Why do we need to assign an empty vector for the output before for looping?-CodePudding

I'm trying to use "for loop" to write a function extracting the data of one column from 2 csv.files, and work out the mean of these data. I'm wondering why the output of for loop need to be assigned as a empty vector c() to make the function work? I printed the sub-output for "foor loop" tring to figure out the reason. when I tried to exclude means<-c(), I got unexpected 1,2,3,4,5,6 for "means" from each time of loop. Could anyone kindly do a explanation for my confusion? Thank you very much.

pollutantmean <- function(directory, pollutant, id = 1:332) {
            
            means<-c()
            for(monitor in id){
                    path <- paste(getwd(), "/", directory, "/", sprintf("d", monitor), ".csv", sep = "")
                    monitor_data <- read.csv(path)
                    interested_data <- monitor_data[pollutant]
                    means <- c(means, interested_data[!is.na(interested_data)])
                    print(monitor_data)
                    print(means)
                    print(interested_data)
                     }
            
            mean(means)
    }
pollutantmean("specdata", "sulfate", 1:2)

correct output with assigning means<-c()

wrong output without means<-c() before "for loop"

I think I found the essence of the qusetion which is I don't understand the logic behind:

> x=c(x,1)
> x
>[1] 9 1
> x=c()
> x=c(x,1)
> x
>[1] 1

It can represent one of the for loop, like the first round of the loop. I'm confused about how the value of x being assigned during each process for the upper two runs, why the first one gives the output of 9,1 but the second one gives the expected result? is anyone able to explain the what happens behind those two runs? Really grateful if anyone could answer it.

CodePudding user response：

In the case that doesn't work, you still have the line

means <- c(means, interested_data[!is.na(interested_data)])

that refers to means on the right hand side. If you didn't set means <- c(), then you'll get different results depending on whatever happened to be stored in that variable before executing this code. If there's no such variable, you'll get an error.

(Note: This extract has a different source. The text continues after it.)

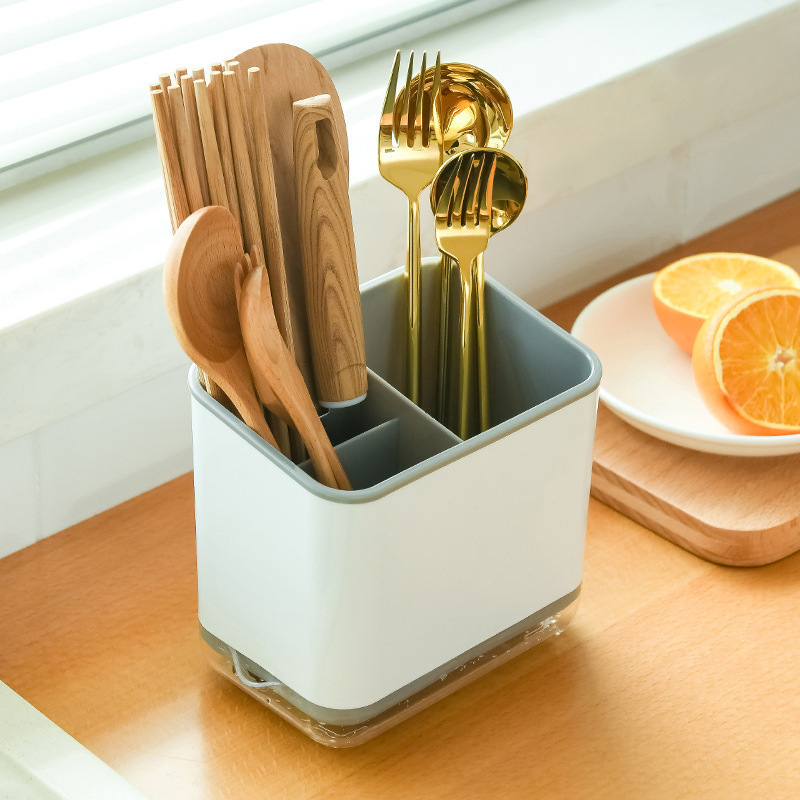 Keuken Lepel Eetstokje Opslag Schotel Drogen Afvoer Mand Rack Box Afdruiprek Bestek Houder Plank Organisator Woonaccessoires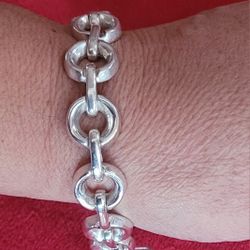 Solid Sterling Silver Unisex Bracelet 49.5 Grams Of Real Silver $100 Firm. Very Solid & Heavy . Pick-up In Aurora.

By the way, this isn't a great way to write R code, even with the means <- c() line. The problem is that every time you execute the line above you need to make a slightly longer vector to hold means. In your case you don't know how many values you'll be adding, so it's excusable, but in the more common case where you will always be adding one more entry, it's a lot more efficient to set up the result vector to the right length in advance and assign values using something like

means[i] <- newValue